Your instructions. A verbatim copy of the data is wanted, minus any picture in it.

Input data.
○ ○ ○
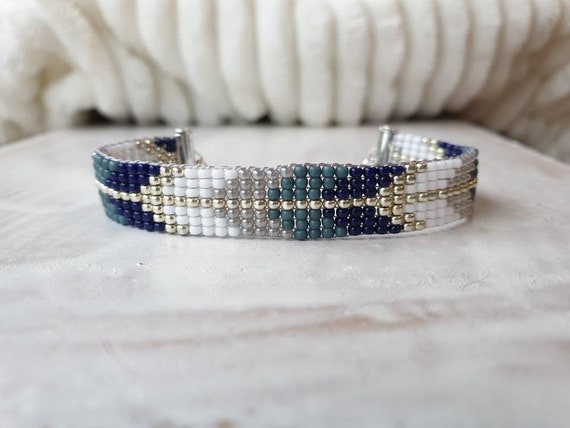 Adjustable bead bracelet discount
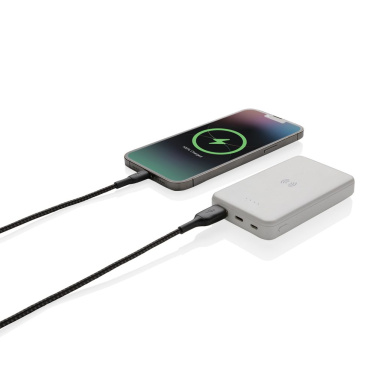 5.000 mAh trådlös powerbank i RCS återvunnen plast, vit, detaljvy (2)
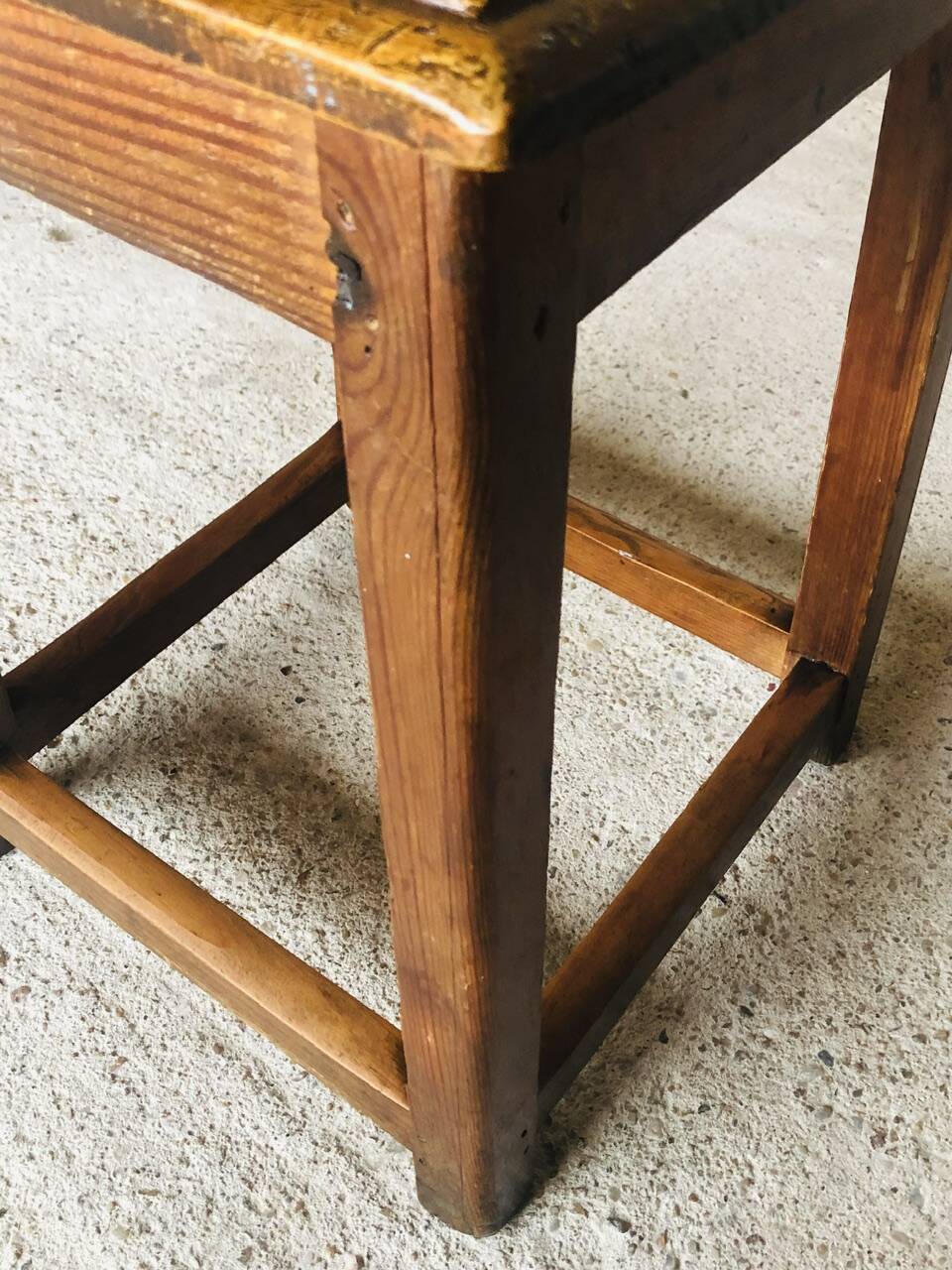 Tabouret vintage de ferme en châtaignier Circa 50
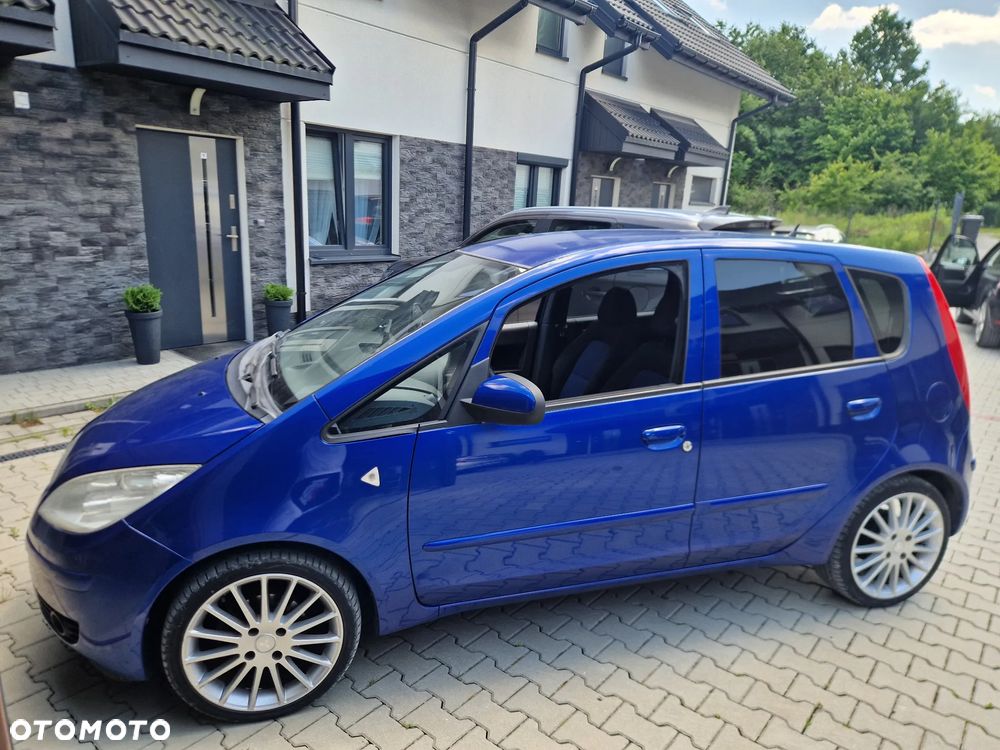 Mitsubishi Colt - 13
○ ○ ○
Answer space.
 Adjustable bead bracelet discount
 5.000 mAh trådlös powerbank i RCS återvunnen plast, vit, detaljvy (2)
 Tabouret vintage de ferme en châtaignier Circa 50
 Mitsubishi Colt - 13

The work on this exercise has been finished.